▶

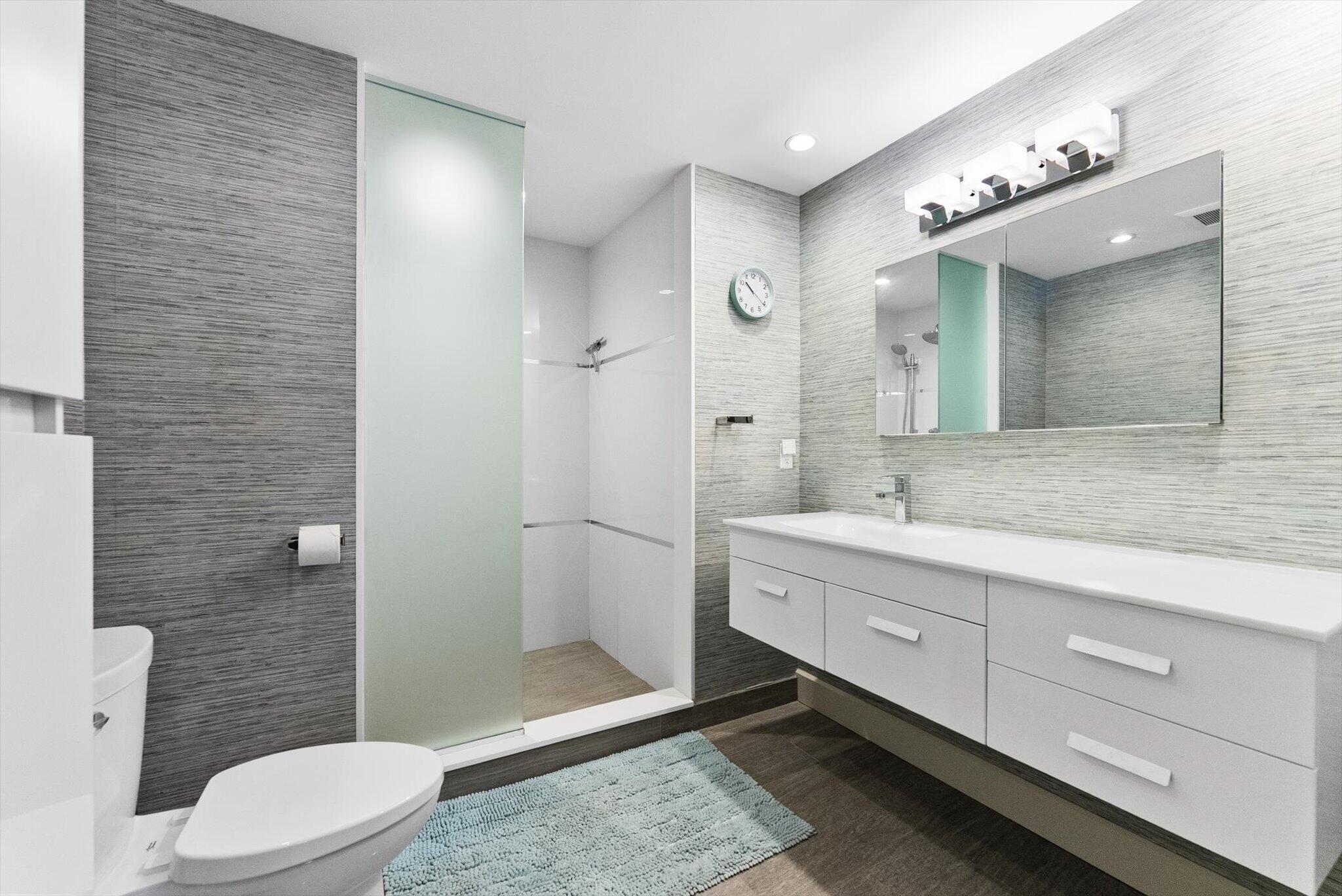 RIVERGATE TOWNHOUSES CONDO - Residential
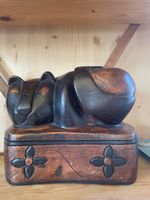 Holzschatulle mit Katzenfigur geschnitzt akzeptabel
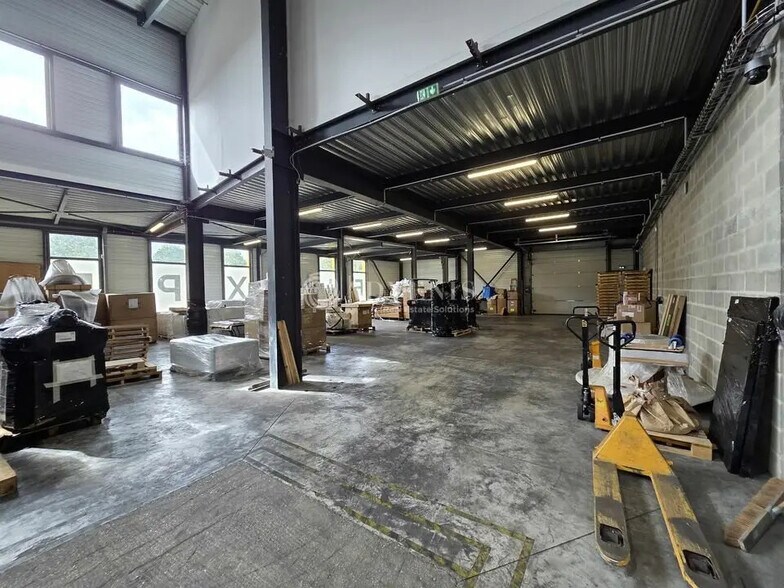 Local d’activités dans Tremblay-en-France à louer - Photo de l’immeuble – Image 3 sur 6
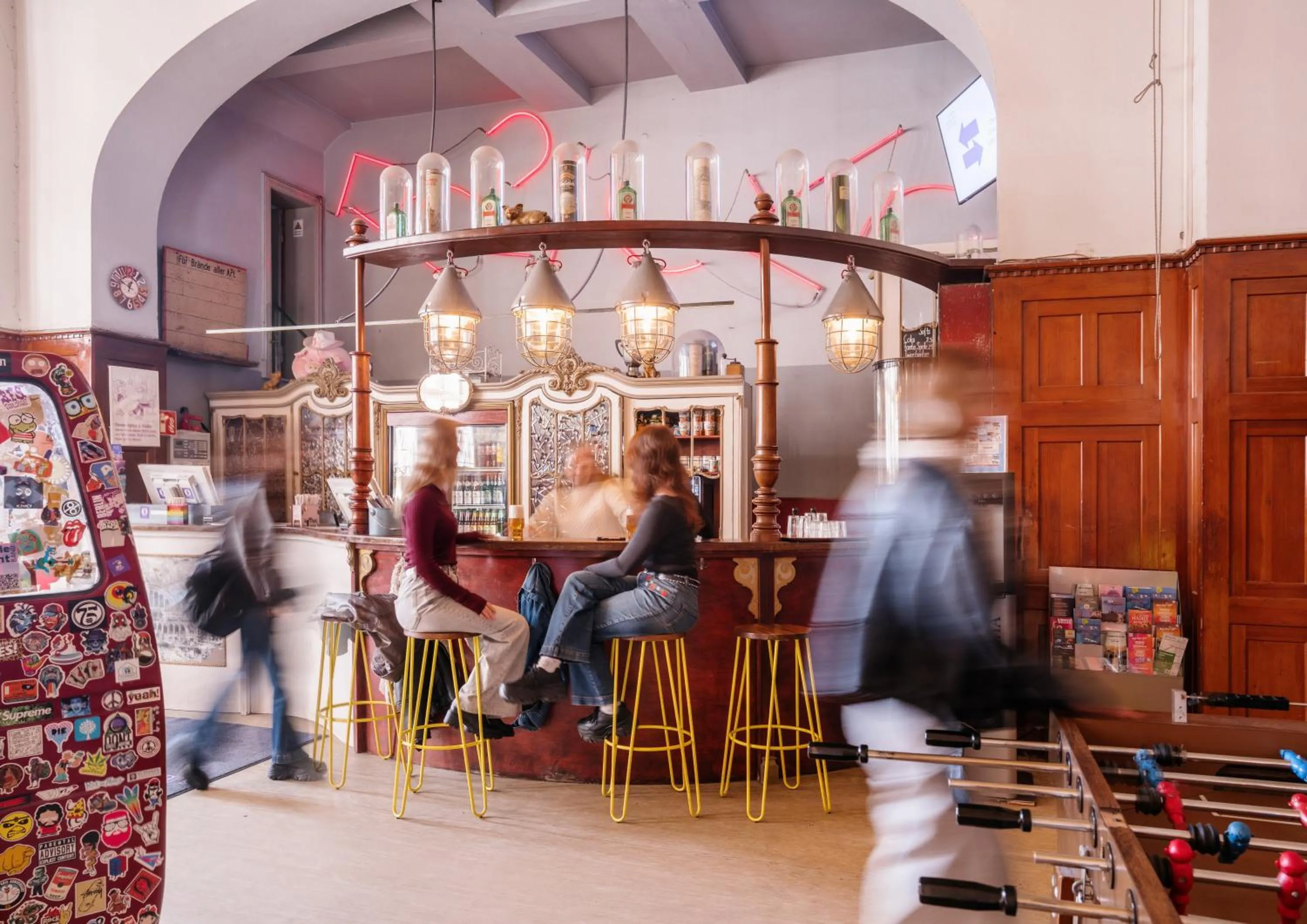 Property building in Three Little Pigs Hostel - Your Berlin Castle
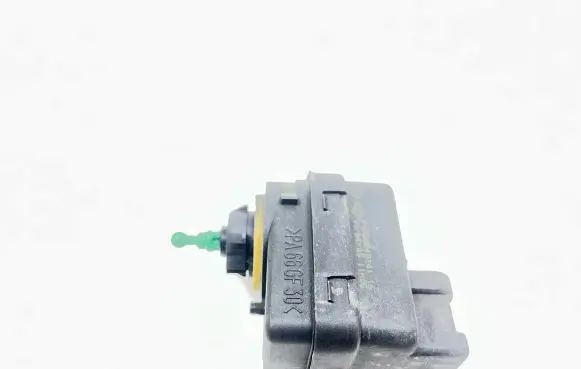 Headlight level adjustment motor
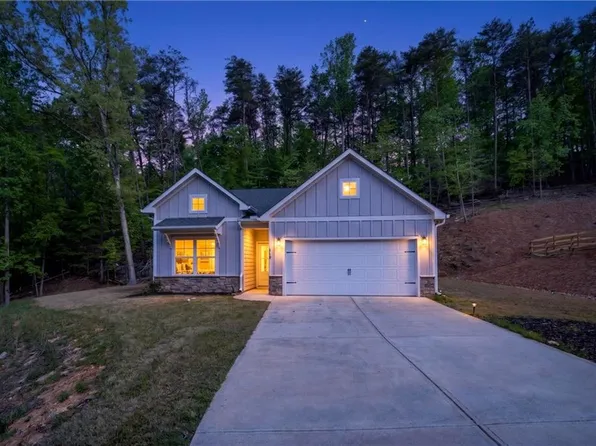 118 Cherokee Dr, Waleska, GA 30183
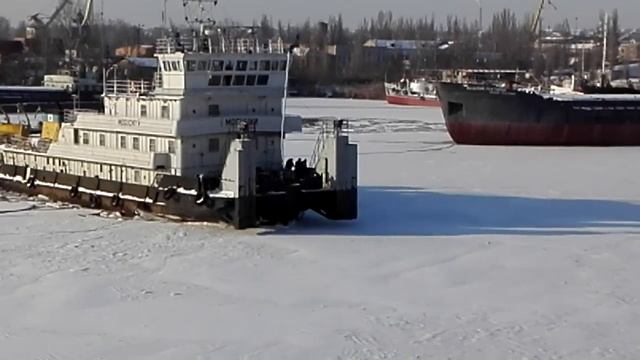 Буксир ломает лёд смотреть онлайн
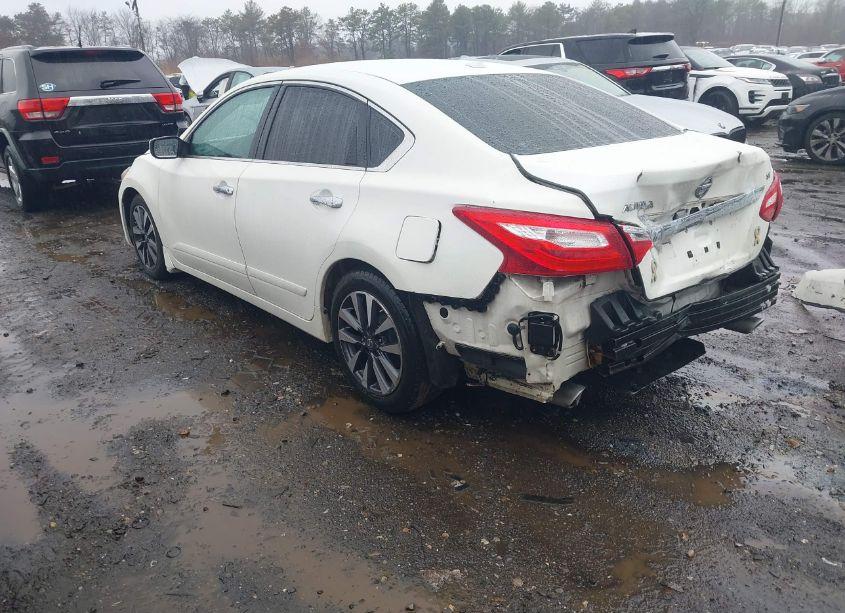 Photo 3 of 2016 Nissan Altima 2.5 SV (VIN 1N4AL3AP4GC290881)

◀

__Work task__:
Each record should appear again exactly as it stands, with no picture included.

__Answer section__:
 RIVERGATE TOWNHOUSES CONDO - Residential
 Holzschatulle mit Katzenfigur geschnitzt akzeptabel
 Local d’activités dans Tremblay-en-France à louer - Photo de l’immeuble – Image 3 sur 6
 Property building in Three Little Pigs Hostel - Your Berlin Castle
 Headlight level adjustment motor
 118 Cherokee Dr, Waleska, GA 30183
 Буксир ломает лёд смотреть онлайн
 Photo 3 of 2016 Nissan Altima 2.5 SV (VIN 1N4AL3AP4GC290881)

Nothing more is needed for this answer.